§ SUPPLIED DATA
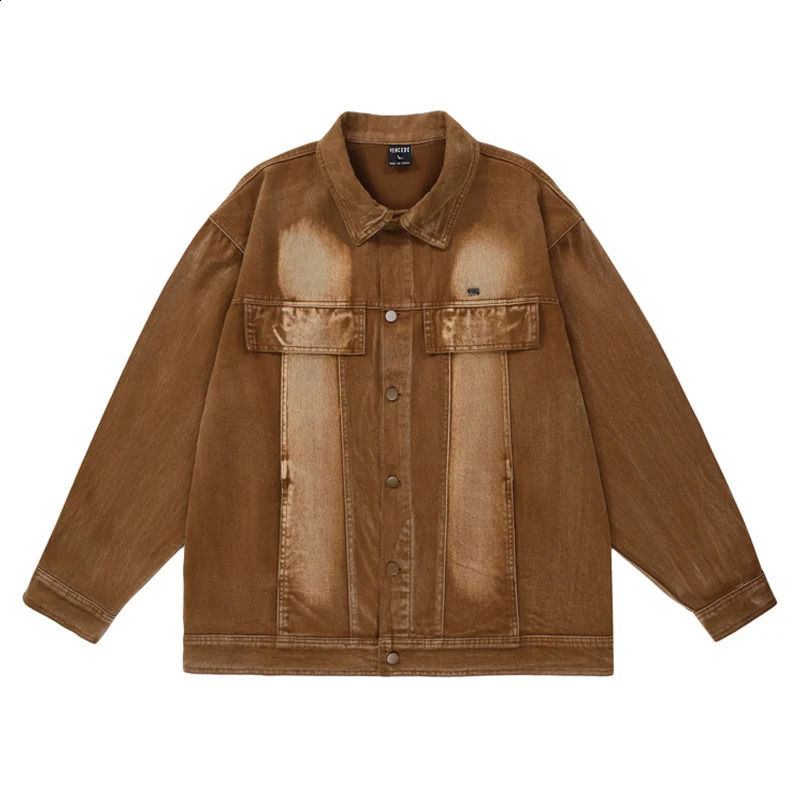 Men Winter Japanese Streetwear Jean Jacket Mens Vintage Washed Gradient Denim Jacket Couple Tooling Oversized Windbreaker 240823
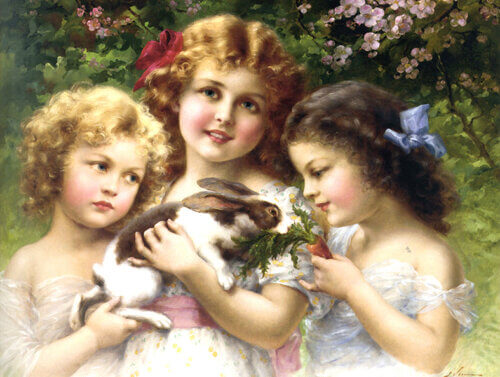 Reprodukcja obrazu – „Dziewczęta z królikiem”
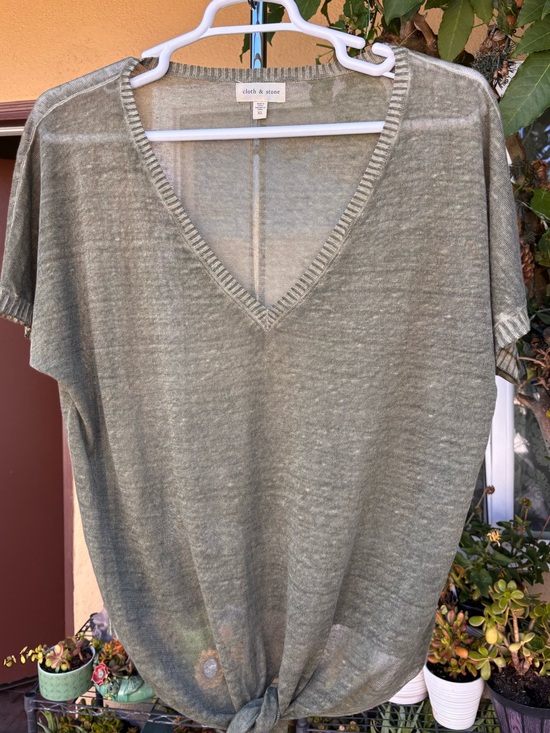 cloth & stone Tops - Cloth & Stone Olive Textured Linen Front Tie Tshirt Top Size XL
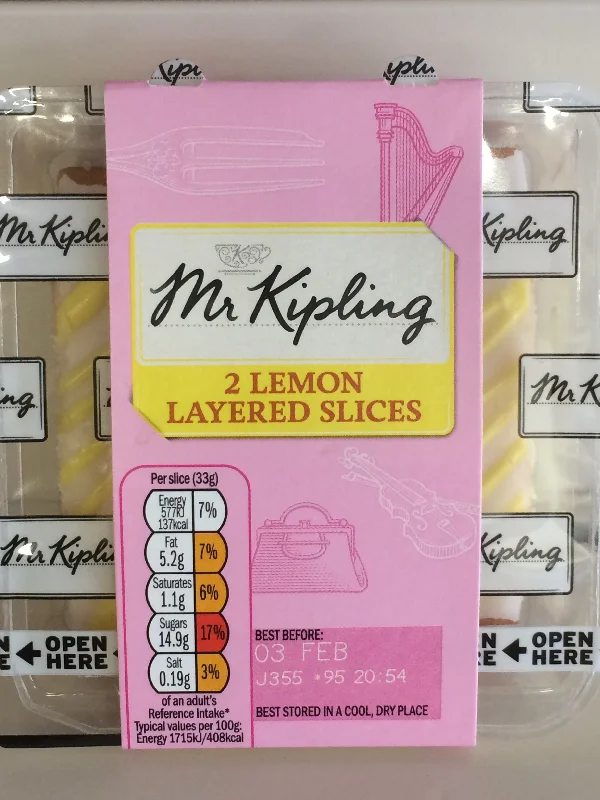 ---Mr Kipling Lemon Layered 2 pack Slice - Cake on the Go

§ EXERCISE DIRECTIONS
If pictures appear, drop them, and retype exactly the lines from the "Reprodukcja obrazu –" line through the last line of the data above.

§ ANSWER TO THIS PROBLEM
 Reprodukcja obrazu – „Dziewczęta z królikiem”
 cloth & stone Tops - Cloth & Stone Olive Textured Linen Front Tie Tshirt Top Size XL
 ---Mr Kipling Lemon Layered 2 pack Slice - Cake on the Go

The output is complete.